JP5064356B2 - Titanium alloy plate having high strength and excellent formability, and method for producing titanium alloy plate - Google Patents

Description

  The present invention relates to a titanium alloy plate excellent in strength and formability and a method for producing the titanium alloy plate.

  High strength α + β type titanium alloys represented by Ti-6Al-4V have various processing characteristics such as weldability, superplasticity and diffusion bonding properties in addition to lightweight, high strength and high corrosion resistance. Has been heavily used in the center. In order to further utilize these characteristics, in recent years it has come to be used for sports equipment such as golf equipment, such as consumer products such as automobile parts, civil engineering materials, various tools, Application to deep seas and energy development applications is also expanding. However, the remarkably high production cost of α + β type titanium alloy has hindered its application expansion, and in order to promote further application expansion to the field of consumer products, etc., without impairing the above-mentioned characteristics and An inexpensive titanium alloy is to be developed, and its development is awaited.

  The following two points can be cited as the reasons why the production cost of these high-strength α + β-type titanium alloys increases. Expensive β-phase stabilizing elements such as V are used. Al used as an α-phase stabilizing element remarkably increases hot deformation resistance and impairs hot workability, so that it is difficult to work and easily causes defects such as cracks. These are the above two points.

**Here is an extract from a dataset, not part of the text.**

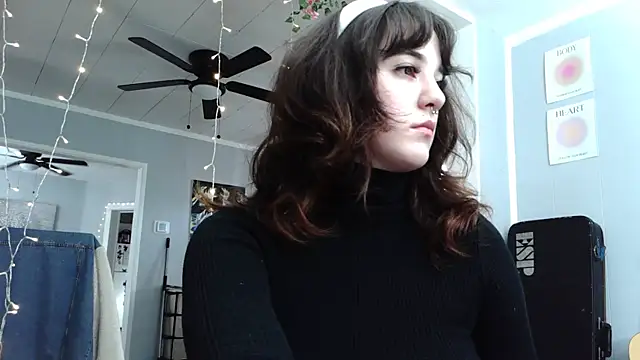 Trickylucy555 online show from 03/14/26, 05:19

  In particular, the addition of Al is a major factor that increases the manufacturing cost when manufacturing the main product alloy plate, and requires reheating during rolling, or cracks at the end of the alloy plate. This has been a cause of problems such as a decrease in material yield.

  Under such circumstances, various low-cost titanium alloys have been proposed in recent years. Among them, Ti-Fe-O-N-based high-strength titanium alloys adopt inexpensive Fe as the β-phase stabilizing element, and replace Al as the α-phase stabilizing element, which reduces hot workability. Because of the use of cheap oxygen (O) and nitrogen (N) without impairing hot workability, considerable cost reduction is expected compared to conventional α + β type titanium alloys. .

  However, when this Ti—Fe—O—N-based high-strength titanium alloy is produced by normal unidirectional rolling, extreme in-plane material anisotropy occurs, and the rolling direction of the plate, that is, the lengthwise direction, Although it has excellent characteristics, it also has the problem that the ductility in the width direction becomes extremely poor.

  As an improvement plan to solve this problem, rolling in the direction perpendicular to the rolling direction only once, and reducing the in-plane anisotropy, high strength and high ductility in both the length and width directions Patent Document 1 discloses that a —Fe—O—N high-strength titanium alloy can be obtained. However, applying such cross rolling to an actual machine causes an increase in cost, and is not a substantial improvement. Accordingly, there is a long-awaited development of a titanium alloy plate that is low in cost, low in-plane anisotropy, high strength and excellent formability even when applied to an actual machine.

Japanese Patent Laid-Open No. 11-61297

  The present invention has been made as a solution to the above-mentioned conventional problems, and it is an object of the present invention to provide a titanium alloy plate having high strength, excellent formability, and an inexpensive method for producing the titanium alloy plate. It is.

  The invention according to claim 1 is characterized in that the metal structure has a maximum crystal grain size of β phase: 15 μm or less, an area ratio of α phase: 80 to 97%, an average crystal grain size of α phase: 20 μm or less, and The titanium alloy plate having high strength and excellent formability, wherein the standard deviation of the crystal grain size of the α phase ÷ the average crystal grain size of the α phase × 100 is 30% or less.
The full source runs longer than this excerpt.